» Your assignment
What are the lines, word for word, from the line with "اندیکاتور RSI با" up to and including the line with "gpt-oss 120B:MI300X 与" in the records below? Omit the pictures.

» Given records

........

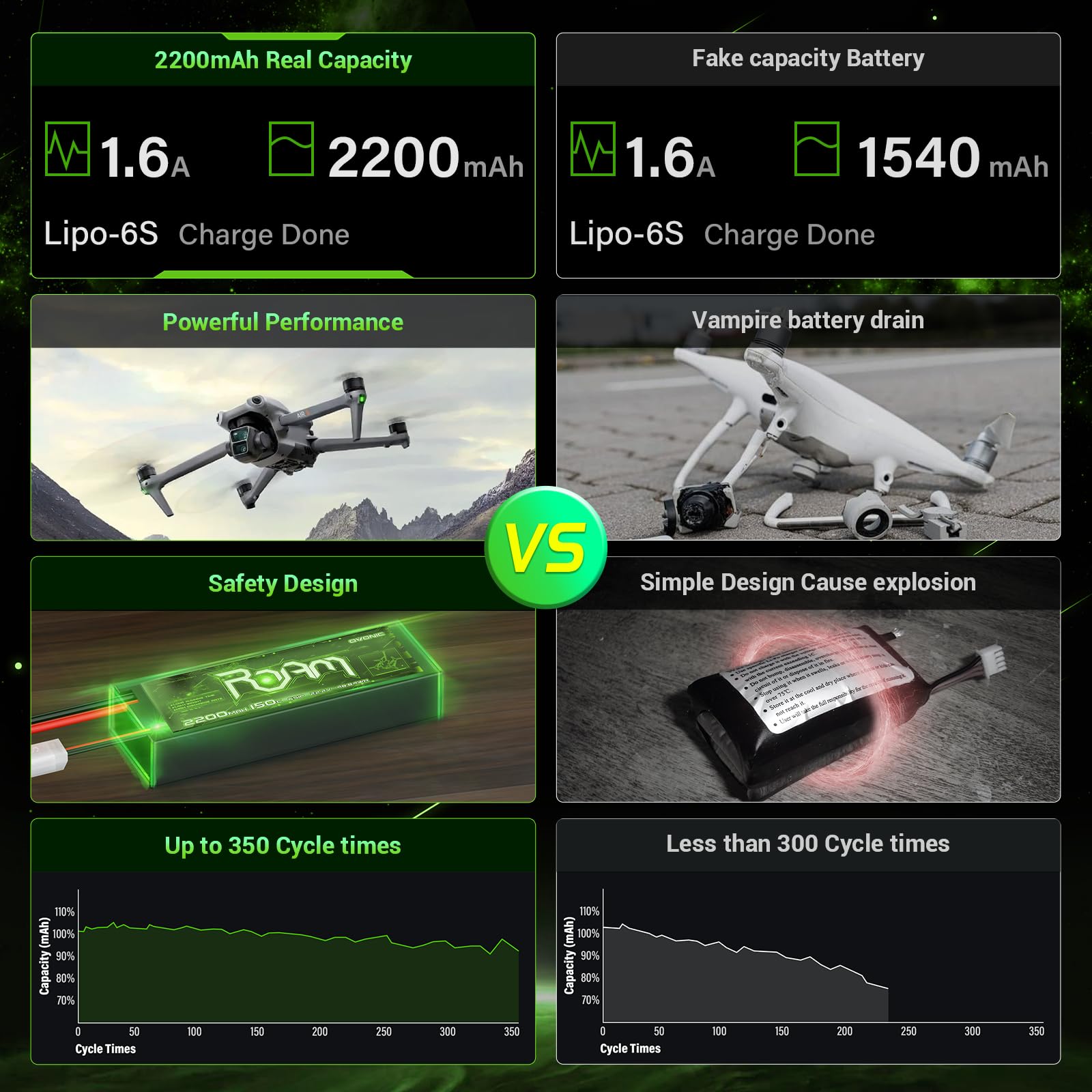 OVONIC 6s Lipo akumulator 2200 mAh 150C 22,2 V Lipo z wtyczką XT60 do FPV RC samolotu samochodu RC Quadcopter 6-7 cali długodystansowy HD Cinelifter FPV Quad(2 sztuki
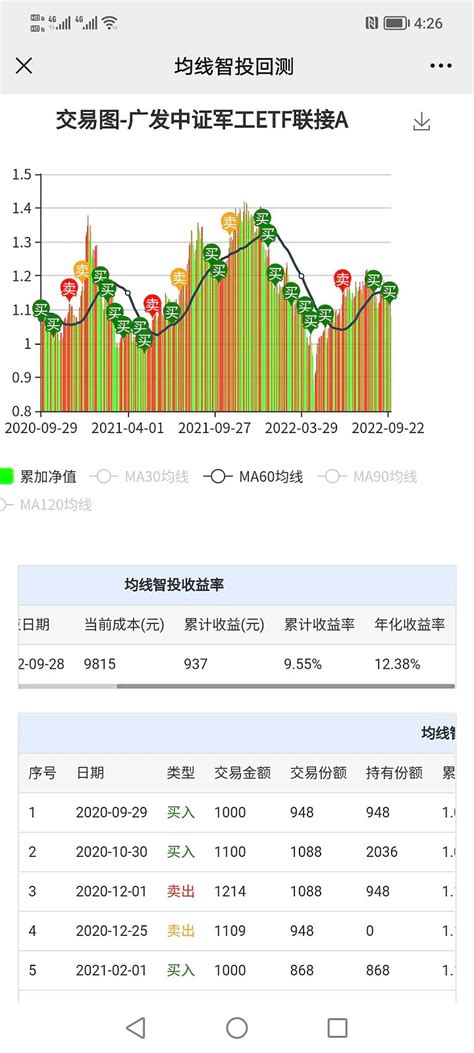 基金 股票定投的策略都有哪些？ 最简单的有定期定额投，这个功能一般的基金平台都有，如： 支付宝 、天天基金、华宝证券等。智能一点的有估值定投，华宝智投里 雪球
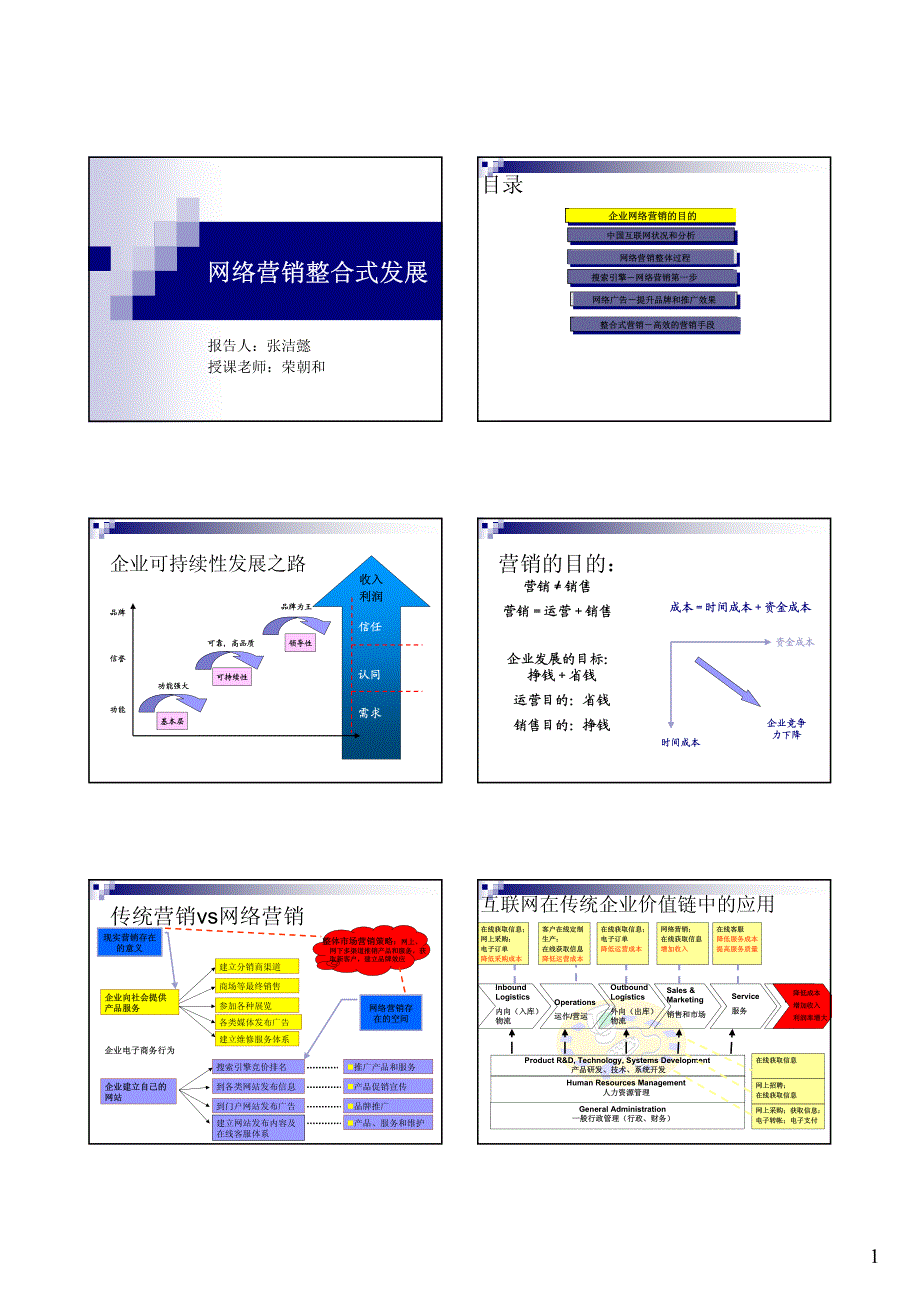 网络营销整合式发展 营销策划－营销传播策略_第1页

........

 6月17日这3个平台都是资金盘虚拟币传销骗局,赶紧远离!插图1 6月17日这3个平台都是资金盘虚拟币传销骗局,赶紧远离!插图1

........

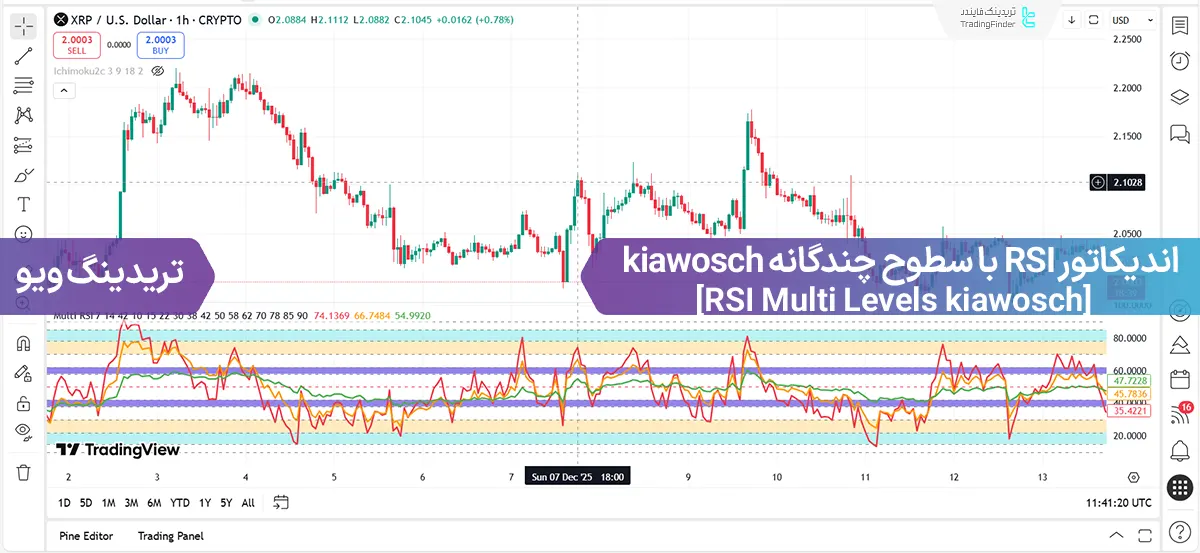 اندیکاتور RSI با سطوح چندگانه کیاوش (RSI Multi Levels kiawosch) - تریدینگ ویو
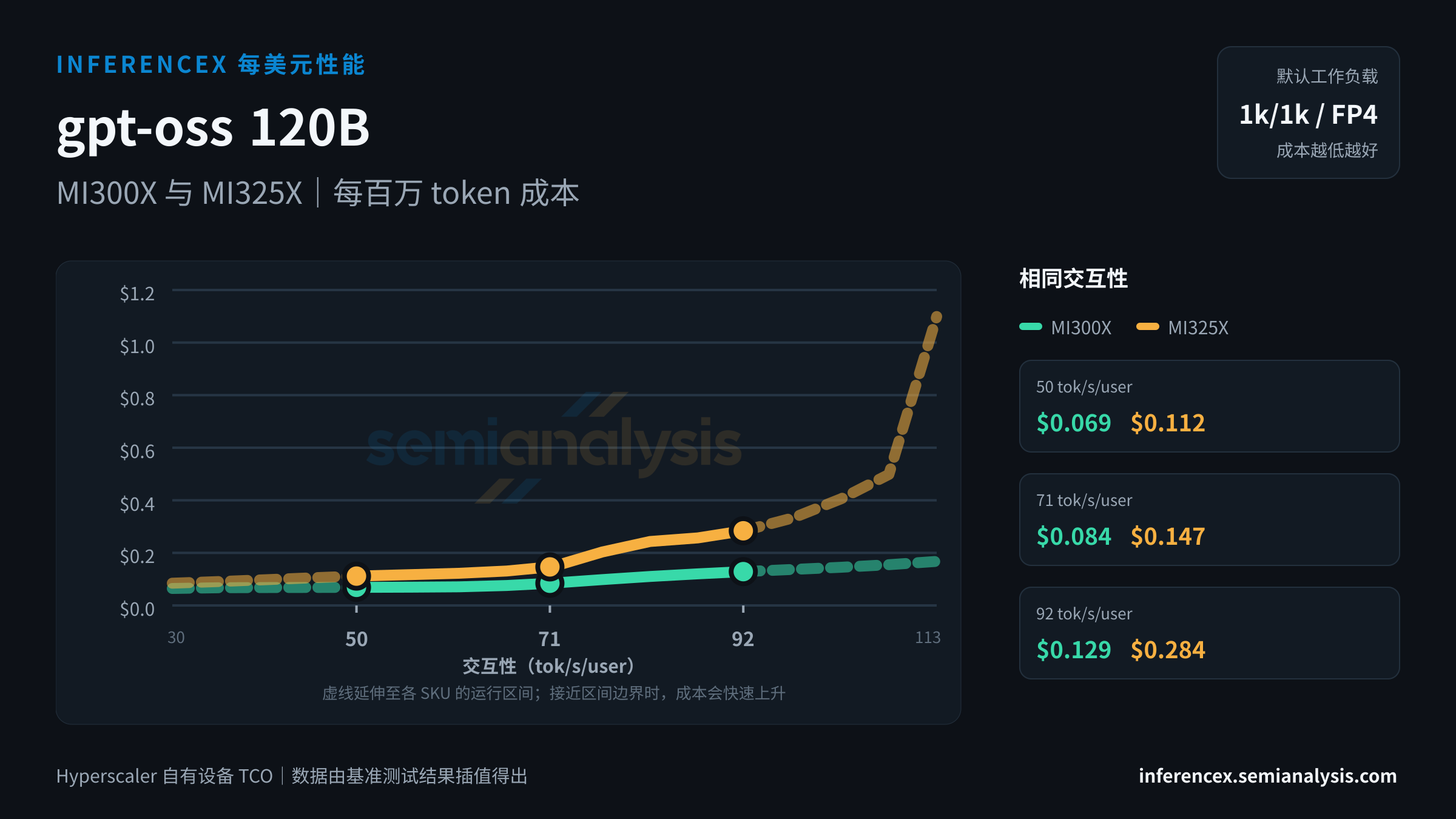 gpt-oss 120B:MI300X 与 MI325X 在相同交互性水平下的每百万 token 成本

........

» Written answer
 اندیکاتور RSI با سطوح چندگانه کیاوش (RSI Multi Levels kiawosch) - تریدینگ ویو
 gpt-oss 120B:MI300X 与 MI325X 在相同交互性水平下的每百万 token 成本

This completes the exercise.